If you Google MathWorld Cosine Law, you can find the equations that relate angles and sides in a triangle.

Next you have to translate that into notation that is acceptable to Mathematica. Mathematica uses radians instead of degrees, but you can write 70 Degree and Mathematica will understand that. Mathematica is also case sensitive and some upper case names, like C and N, have been defined as internal functions. Use one of those as a variable name and you will find grief. So for those angles A, B and C I use names aA, aB and aC. Parts of Mathematica often have problems with decimal numbers and using exact fractions can sometimes avoid those. Then you can later translate back to decimals to inspect your result. Many new users find the function Solve and assume that is the answer to all their problems, but for more complicated problems the Reduce function can be more powerful and get a correct answer. And watch out for = versus == versus :=, those are all very different and get new users into all kinds of problems. Watch out for bc, which Mathematica thinks is a variable with a two letter name, while b c or b*c are two variables multiplied together. Remember it is always Cos[angle] and not Cos(angle) or cos(AnGle) or cos angle. Hopefully this is enough background to get you oriented and try to keep you out of trouble.

Let's give Reduce the information you have provided and those three equations from the Cosine Law, ask it to find what the two unknown sides are and finally use the N function to turn the result back to decimal, and for this problem that simplifies the answer at the same time.

In[1]:= N[Reduce[{aC == 90 Degree, aB == 70 Degree, aA == 20 Degree, a == 3/4,
   a^2 == b^2 + c^2 - 2 b c Cos[aA],
   b^2 == a^2 + c^2 - 2 a c Cos[aB],
   c^2 == a^2 + b^2 - 2 a b Cos[aC]}, {b, c}]]

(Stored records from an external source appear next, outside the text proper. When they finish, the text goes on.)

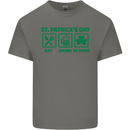Eat Drink Be Irish St. Patrick's Day Mens Cotton T-Shirt Tee Top Charcoal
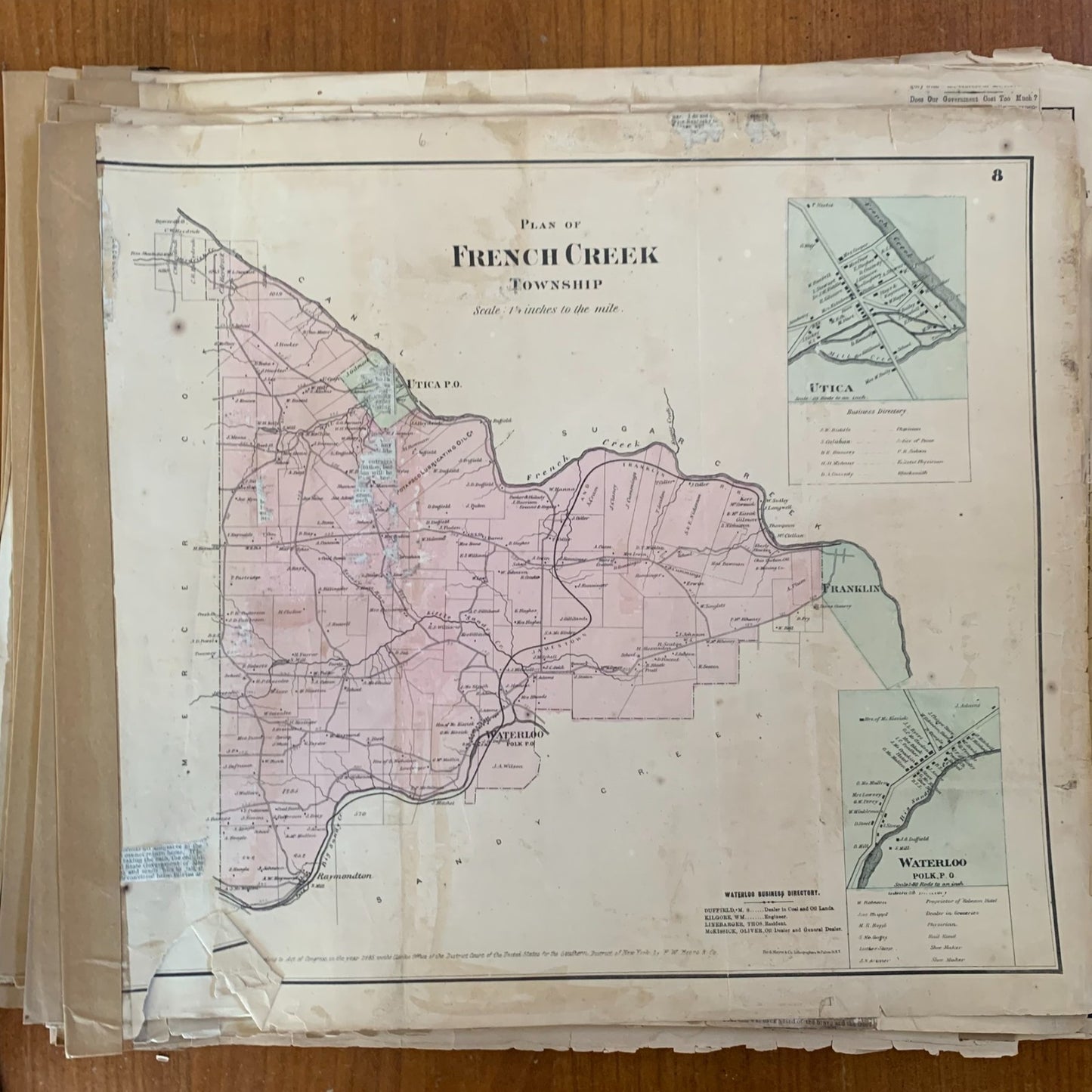 1865 Beers Atlas of the Oil Regions Pennsylvania - Incomplete - Maps Petroleum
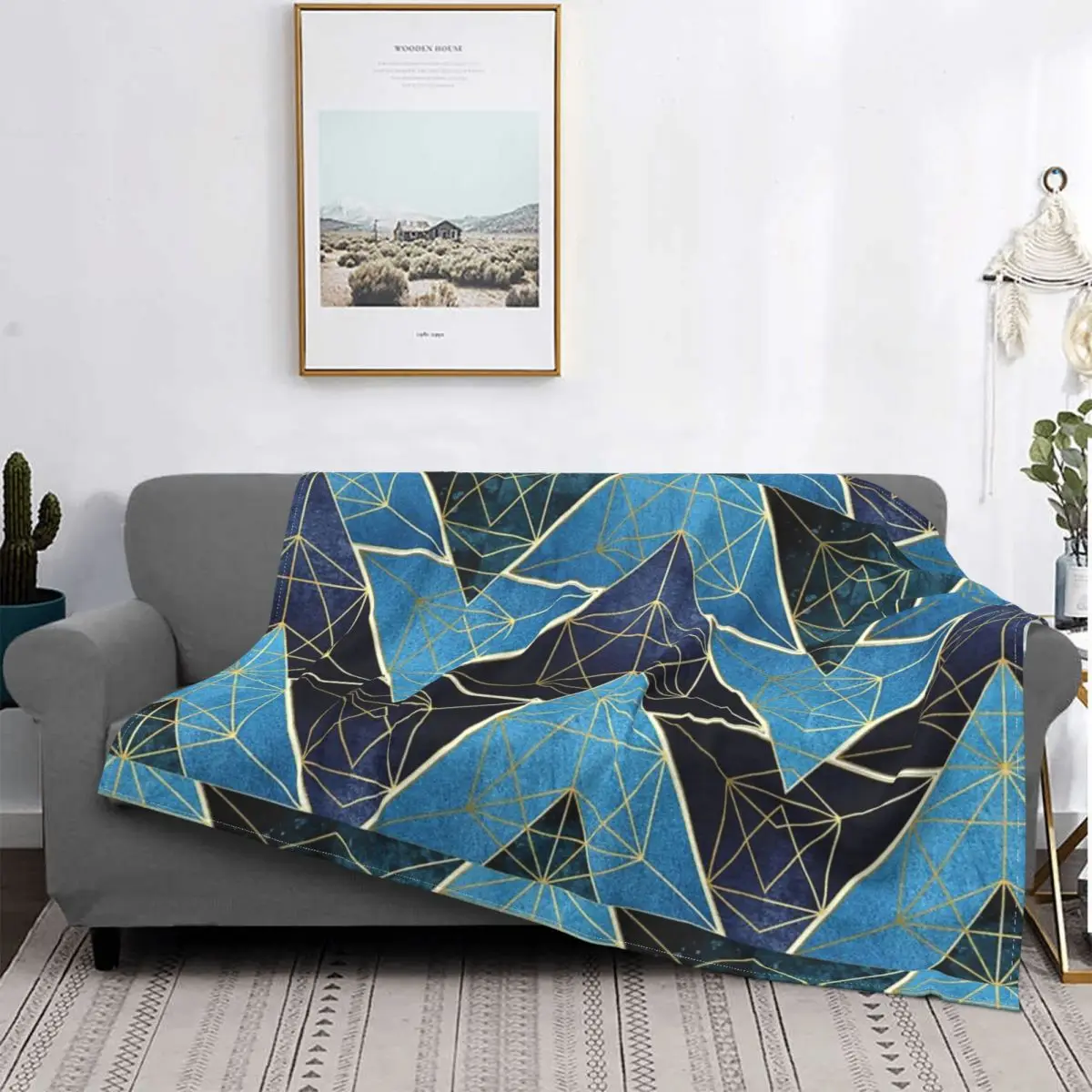 Geometric Excellence In Blue Blanket Bedspread Bed Plaid Blankets Anime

Out[1]= a == 0.75 && aA == 0.349066 && aB == 1.22173 && aC == 1.5708 && b == 2.06061 && c == 2.19285

For some reason that gives back some things you already knew, a==0.75 and it tells you your three angles in radians. If you get a number q that is an angle in radians and you want to know what that is in degrees then you can calculate q/Degree. But it finally tells you what you asked for, the lengths of your two unknown sides b and c. If you choose the correct one of those sides then you should be able to calculate the diameter that you desire.

Study this. Test this on simpler problems where you know what the answer should be and see if it finds the correct answer. Try giving it sides and see if it can find angles. You have to be a little careful with angles because the Cosine Law gives the same answer for 90 degrees that it does for 90+360 or 90+7*360 and you may have to include something like 0<=aA<360 Degree to let Reduce know that you are assuming any angle has to be between 0 and 360 degrees.